The security demands Healey cites in the letter go beyond the long-running Ukraine conflict. Britain and France have led planning for a defensive multinational mission to support freedom of navigation through the Strait of Hormuz after the Iran crisis disrupted shipping through the waterway, the narrow passage through which roughly 20 percent of global oil supply transits. The UK is playing a significant role in NATO’s Arctic Sentry initiative, established in response to increased Russian military activity in the High North. Healey also references the Paris Agreement confirming a British deployment to Ukraine after a ceasefire, a commitment that would require sustained funding to honour in any realistic scenario. Each of these operational commitments costs money that Healey says the settlement does not adequately provide.
The phrase “Defence Investment Plan,” which appears throughout the letter, refers to the government’s multi-year spending plan for defence, essentially the document that translates political commitments into actual budgets for equipment, personnel, readiness, and operations. Healey’s complaint is that the DIP settlement he was finally shown in full on the Monday of his resignation week does not match the commitments the Prime Minister has made publicly about spending levels, and that the shortfall is too large to manage without concrete harm to military capability. He notes that he recognised the strain defence spending places on other government departments and that he had outlined credible ways of meeting the funding challenge through multinational approaches, but that the Treasury remained unwilling to commit the resources required.
The political consequences of Healey’s resignation extend well beyond the Ministry of Defence. Starmer has made defence and security central to his government’s international reputation, building a public profile as a serious leader at a serious moment. A Defence Secretary resigning over inadequate funding, and doing so in a letter that quotes the Prime Minister’s own intelligence warnings about a Russian attack on NATO, undercuts that narrative sharply.
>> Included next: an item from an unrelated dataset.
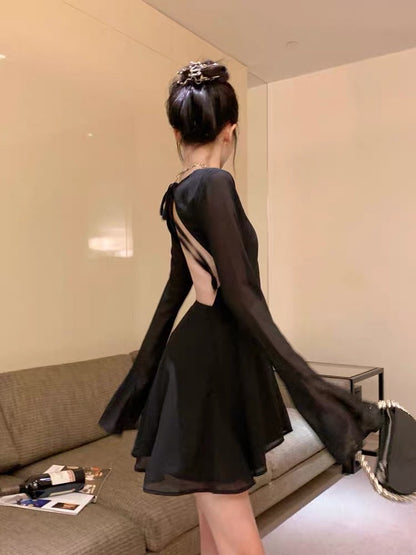 French Spice Girl Temperament Senior Sexy Backless Long-sleeved Dress Female Summer Seaside Vacation Dress Little Black Dress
Healey explicitly told Starmer that the commitment he made at the Munich Security Conference in February required a Defence Investment Plan that matched the moment, and that the settlement he received does not.
“After explaining to you that I would not be able to accept a DIP settlement that does not give our Forces the resources they need, I am now left with no other option than to submit my resignation as your Defence Secretary,” Healey wrote.
He closed the letter by expressing continuing support for the Labour government and wishing Starmer strength for the challenges ahead.